John Fair­fax, avec ce nou­veau volet des pro­cès de William Ben­son génère un sus­pense adroi­te­ment entre­tenu avec une suc­ces­sion de révé­la­tions rela­tives tant à l’accusé qu’à la vic­time. Les témoins se suc­cèdent, appor­tant à foi­son des infor­ma­tions contra­dic­toires. La recherche des élé­ments à décharge est pas­sion­nante. Le roman­cier mène de front plu­sieurs intrigues secon­daires qui, loin d’affaiblir l’intrigue prin­ci­pale, la relance.
Est ainsi mise an avant la situa­tion per­son­nelle de Ben­son avec ses tra­cas. Il a été menacé en pri­son et vit tou­jours sous la crainte de celle-ci. La famille de Paul Har­be­ton a juré de ven­ger sa mort. Bien qu’il ait été sou­tenu par une mys­té­rieuse per­sonne qui a investi des sommes impor­tantes pour sa for­ma­tion et son ins­tal­la­tion, des dif­fi­cul­tés finan­cières viennent per­tur­ber gran­de­ment son pré­sent. L’opinion publique est par­ta­gée. Mais la plu­part pense qu’il est scan­da­leux qu’un assas­sin condamné puisse être dans un tri­bu­nal et défendre quelqu’un d’accusé du même délit.
Il y aussi  la valse-hésitation de Tess au sujet de la recherche de la vérité. Quand Sarah lui donne des infor­ma­tions nou­velles qu’elle a recueillies, elle doit prendre une décision.

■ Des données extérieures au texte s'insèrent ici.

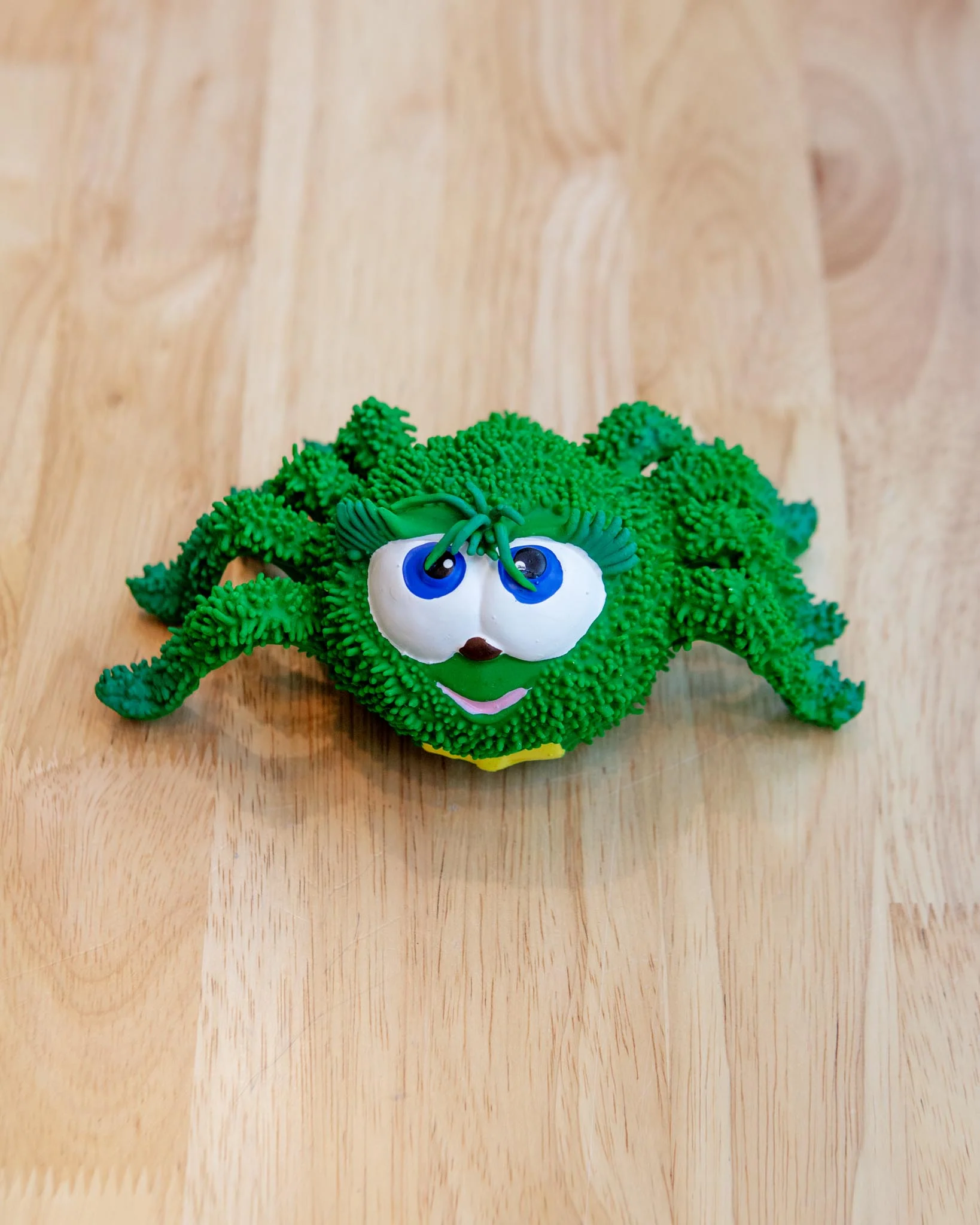 Sensory Spider Rubber Squeaky Dog Toy - Image 2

John Fair­fax illustre avec à-propos la situa­tion de l’avocat face à son client. S’il accepte l’affaire, il doit le défendre même s’il a des doutes quant à son inno­cence. Il lève le voile sur cer­tains des arcanes de la jus­tice anglo-saxonne, sur un fonc­tion­ne­ment et sur les pro­cé­dures qui semblent sou­vent incom­pré­hen­sibles au regard des Euro­péens.
De rebon­dis­se­ments en rebon­dis­se­ments, le roman­cier amène son lec­teur à une chute qui est tout sauf banale. Tou­te­fois, le pro­cès clos, il laisse nombre d’incertitudes quant aux deux prin­ci­paux pro­ta­go­nistes. Une suite s’avère indispensable.

Avec cette série, avec ce couple de per­son­nages sin­gu­liers, John Fair­fax révèle un talent fou dans l’art de récit, dans l’entretien de l’incertitude et dans la mul­ti­pli­ca­tion des péri­pé­ties. Remarquable !

serge per­raud

John Fair­fax, Le défen­seur (Blind Defence), tra­duit de l’anglais par Phi­lippe Bon­net, Édi­tions Le Masque, coll. Poche, mai 2019, 462 p. – 9,10 €.